Not the loud, chaotic months of Hall Week or broken engines and broken hearts—but disciplined ones. Predictable. Focused. Kofi settled into a rhythm that finally felt sustainable. Morning lectures. Afternoon shifts. Late nights studying engines, telemetry, and race footage on borrowed data. His body filled out again, not with excess, but with purpose. His mind grew calmer, sharper.
Campus had mostly forgotten the crash.
Kofi hadn’t.
He carried it like a scar—hidden, but permanent.
The email arrived on a Thursday morning.
MANI AUTOMOTIVE PRESENTS:
DRIVER OF THE FUTURE PROJECT (DTF PROS)
A national driver development and engineering-to-track pipeline.
Kofi read it twice.
Then a third time.
The program promised something unheard of in Ghana: structured racing trials, technical mentorship, sponsorship opportunities, and a Driver of the Year competition. It wasn’t street noise. It wasn’t bravado.
It was legitimacy.
His hands trembled slightly as he filled out the registration form.
This wasn’t a dare.
This was a door.
Rumours spread instantly.
DTF Pros wasn’t just any project. It was serious enough to attract legends—names whispered in reverence by anyone who loved speed. And one name dominated every conversation.
His idol.
The man who had redefined street racing into controlled dominance. The driver who won his first major race and disappeared from public chaos afterward. People said that on a normal day, he rode only a Harley-Davidson motorcycle, slicing through traffic because he couldn’t stand moving slowly.

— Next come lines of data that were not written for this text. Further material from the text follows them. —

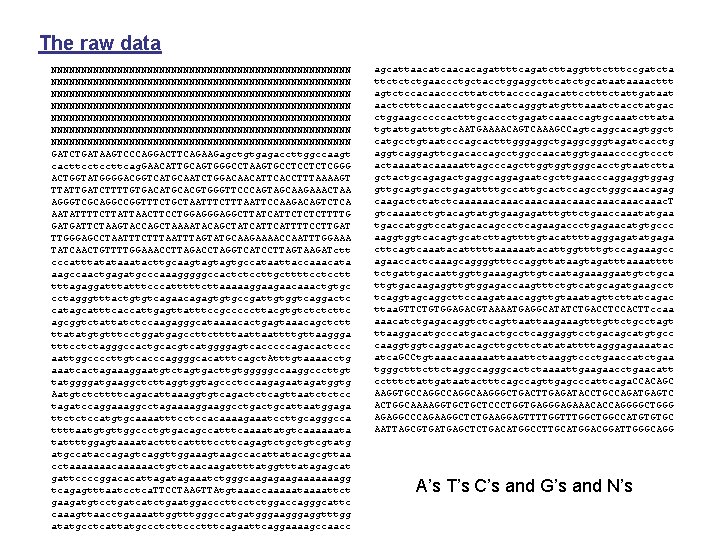 The raw data NNNNNNNNNNNNNNNNNNNNNNNNNNNNNNNNNNNNNNNNNNNNNNNNNN NNNNNNNNNNNNNNNNNNNNNNNNNNNNNNNNNNNNNNNNNNNNNNNNNN GATCTGATAAGTCCCAGGACTTCAGAAGagctgtgagaccttggccaagt cacttcctccttcag. GAACATTGCAGTGGGCCTAAGTGCCTCCTCTCGGG ACTGGTATGGGGACGGTCATGCAATCTGGACAACATTCACCTTTAAAAGT TTATTGATCTTTTGTGACATGCACGTGGGTTCCCAGTAGCAAGAAACTAA AGGGTCGCAGGCCGGTTTCTGCTAATTTCTTTAATTCCAAGACAGTCTCA AATATTTTCTTATTAACTTCCTGGAGGCTTATCATTCTCTCTTTTG GATGATTCTAAGTACCAGCTAAAATACAGCTATCATTTTCCTTGAT TTGGGAGCCTAATTTCTTTAATTTAGTATGCAAGAAAACCAATTTGGAAA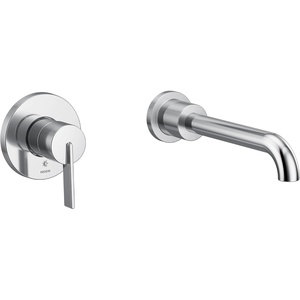 image:imageMoen Cia Brushed Gold Single Handle Wall Mount Tub Filler High Flow Tub Faucet with 10 Spout Reach WT6221BGChrome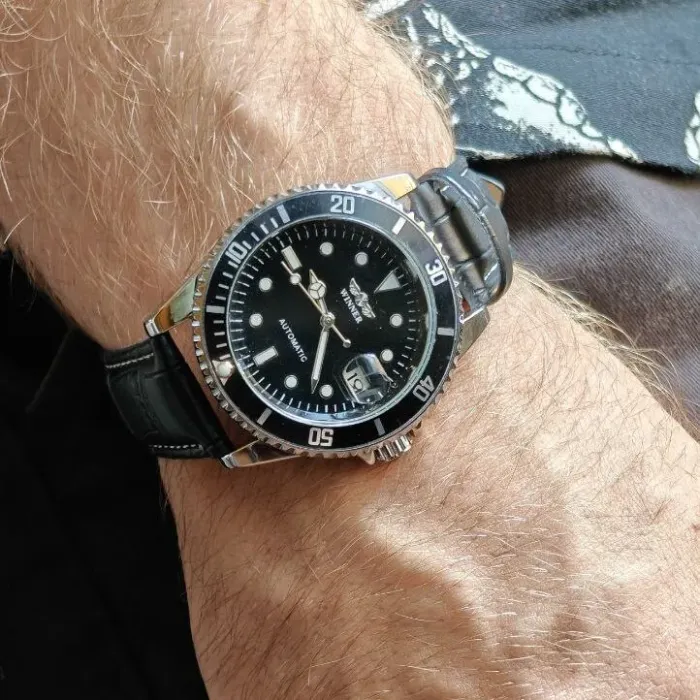 Чоловічий механічний годинник Winner Basel Deluxe, 2 ремінці - зображення 7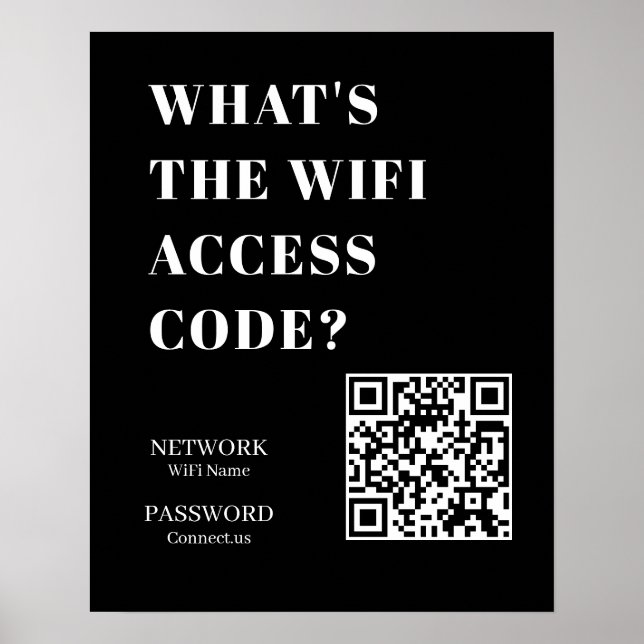 Custom Black WiFi QR | Network Password Display Poster (Front)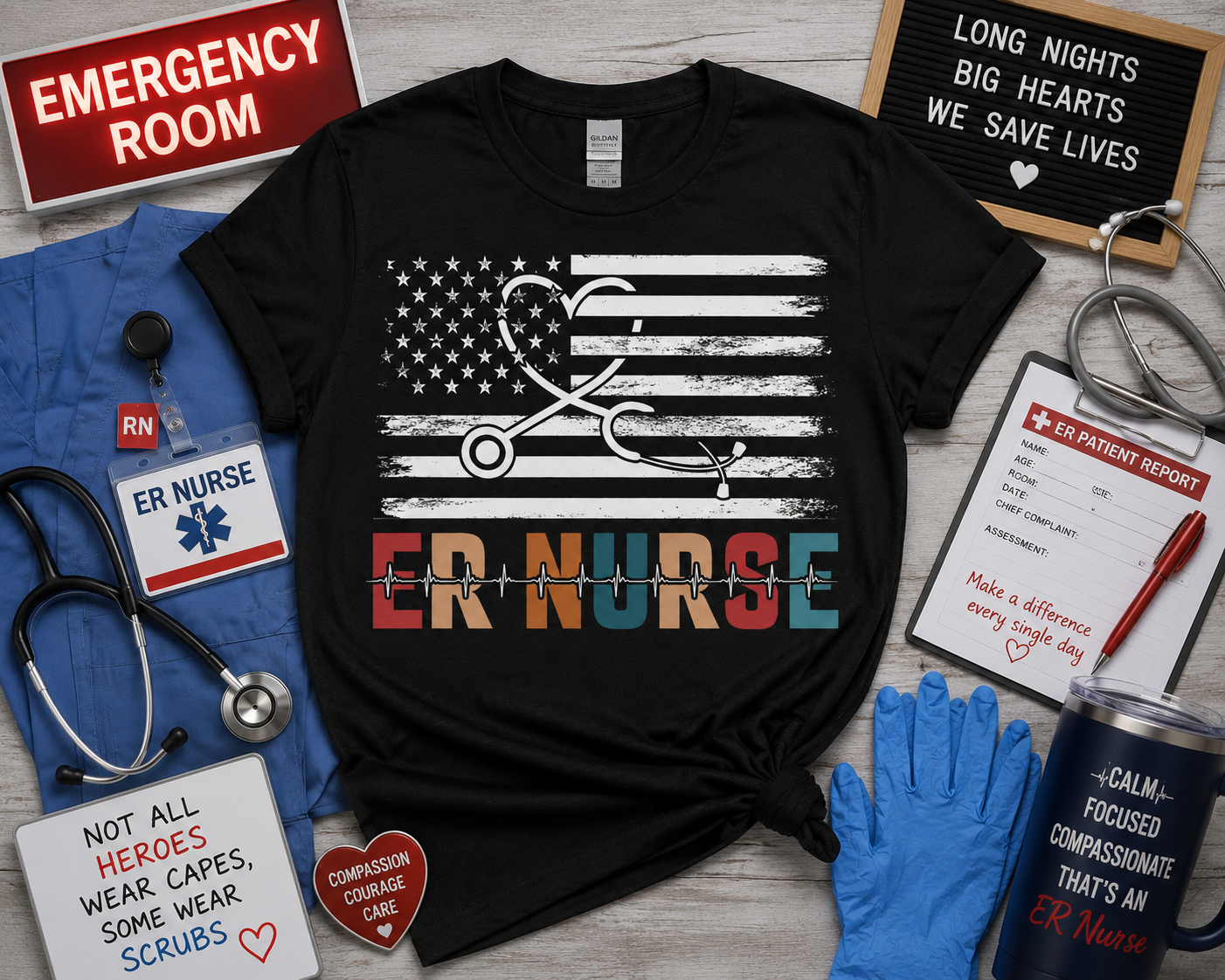 ER Nurse American Flag Graphic Tee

“He hates traffic,” someone said.
“He hates distractions,” another added.
“He only gets into a car to race.”
The man was myth now. Untouchable.
Until the trials.
The racing grounds were nothing like campus roads.
Clean tarmac. Clear rules. Officials with clipboards. Engineers in Mani Automotive gear adjusting cars with surgical precision. This wasn’t about showing off. It was about discipline.
Kofi arrived early.
He stood alone for a moment, taking it all in, breathing slowly, grounding himself. This was it—the environment he had dreamed of without knowing how to ask for it.
Then the sound came.
Not loud.
Not aggressive.
A deep, steady rumble.
Heads turned.
A Harley-Davidson rolled in smoothly, the rider upright, unhurried, helmet blacked out. The engine cut off. Silence followed—not because it demanded it, but because everyone gave it.

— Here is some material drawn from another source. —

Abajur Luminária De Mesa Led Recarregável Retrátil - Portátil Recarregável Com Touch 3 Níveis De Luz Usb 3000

The rider removed his helmet.
Time slowed.
Kofi recognized the face instantly.
The legend.
The man stepped off the bike and walked toward the trials area with the ease of someone who had nothing left to prove. Officials greeted him respectfully. Drivers whispered. Phones stayed down—some moments felt too important to steal.
Kofi stood frozen.
This was the man he had watched in low-resolution clips. The man his father once mentioned with admiration. The standard.
Their eyes met briefly.
Just a glance.
But it landed.
Later, during the driving trials, Kofi strapped into a Mani test car—heart steady, mind clear. No crowd noise. No ego. Just track, machine, and control.
As he completed his run, he stepped out—and nearly collided with someone.
The legend stood there.
Up close.
“You drive like someone who’s crashed before,” the man said calmly.
Kofi swallowed. “Yes, sir.”
The legend nodded. “Good. That means you listen now.”
He paused, then added, “What’s your name?”
“Kofi Tanka.”
A beat.
The man smiled faintly. “Tanka… I knew your father.”
Kofi’s breath caught.
For the first time since the N1, the past didn’t feel like a weight.
It felt like a bridge.
And Kofi knew—without doubt—that this part of the race had only just begun.